The speed of the rollout comes down to regulatory plumbing. The Netherlands used UN Regulation 171 combined with an EU Article 39 exemption, which lets other member states recognize an existing national approval without running their own full test programs. Belgium, Lithuania, Estonia, and Denmark all took that shortcut. Early safety data strengthened the case: Basenor cross-border FSD reports 3.5 times fewer collisions compared to human drivers, and zero highway crashes over 16.6 million kilometers driven between April and June 2026. The system also works seamlessly across those five borders without interruption.

The big markets are waiting

Germany, France, and Italy have all declined to grant national approval for now, each waiting for a broader EU-wide decision expected no earlier than autumn 2026. The European Transport Safety Council has sent formal safety letters to transport ministers — including likely recipients in Berlin and Paris — citing driver-supervision concerns. A Reuters investigation in May 2026 also questioned Tesla's safety-metric methodology in the US, adding a layer of scrutiny that European regulators are unlikely to ignore, even though the EU version of FSD differs from the American one.

The UK, outside EU structures post-Brexit, is running its own testing programs but has not set a public approval timeline. It could follow the mutual-recognition model independently, though no date has been confirmed.

FSD's edge, for now

Tesla's rivals have largely stepped back from this space. Mercedes-Benz has paused its Level 3 Drive Pilot, and BMW dropped its Personal Pilot program entirely — both pivoting toward Level 2+ systems that put them in direct competition with FSD Supervised. That leaves Tesla as the most capable driver-assistance system available in any approved European market right now, per Eleport Europe FSD tracker.
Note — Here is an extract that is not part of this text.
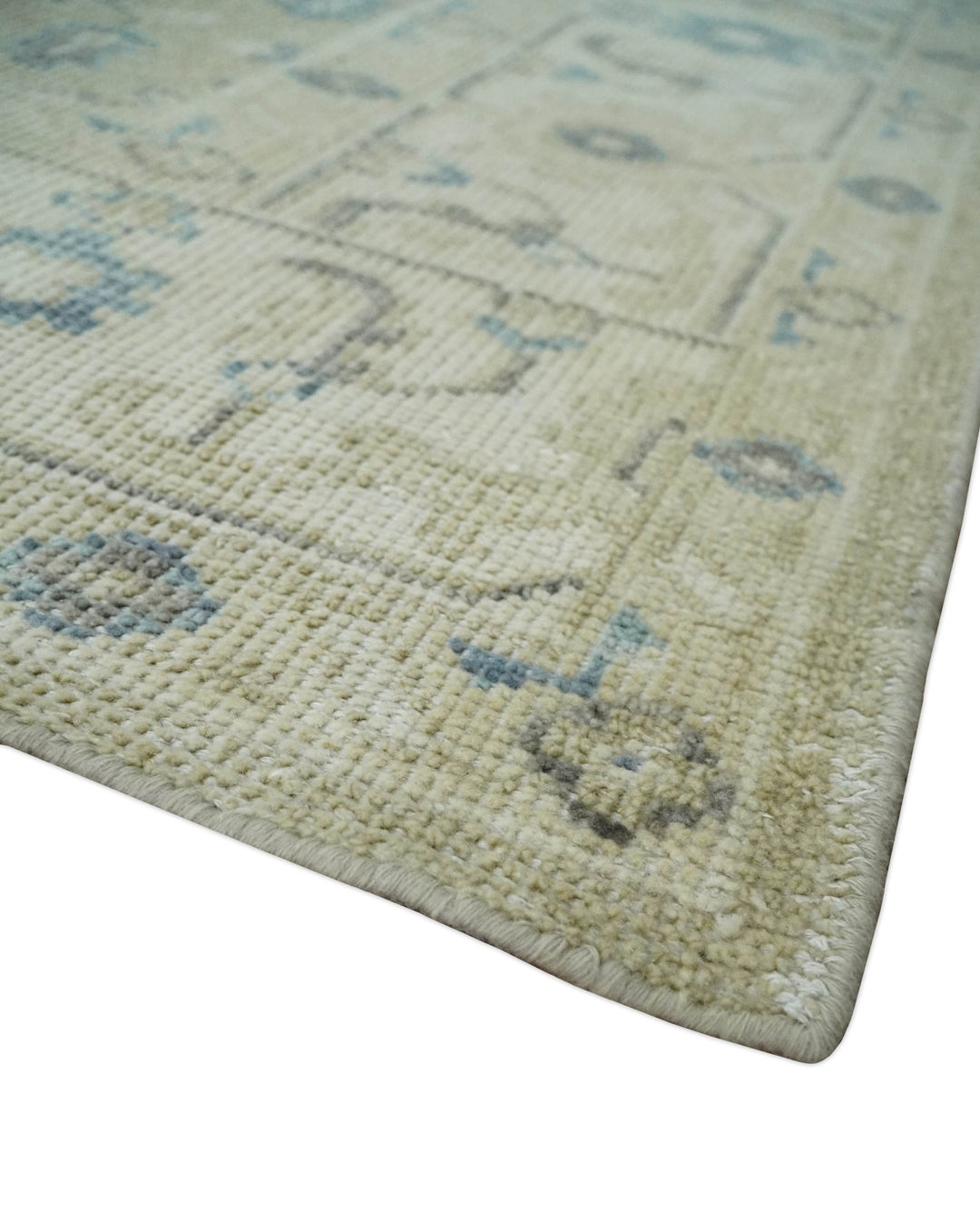 Custom Made Beige and Ivory Hand knotted Traditional Oushak wool Area Rug - The Rug Decor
FSD Supervised is still a Level 2 system, meaning the driver must stay alert and be ready to take over at any moment. The "supervised" label is not a formality — Tesla is explicit that legal responsibility stays with the driver. The 50 million km figure matters most as a training resource: every kilometer driven in Copenhagen or Ghent feeds the neural network data that, eventually, could support a push toward higher autonomy levels. That push, however, still faces years of regulatory work ahead.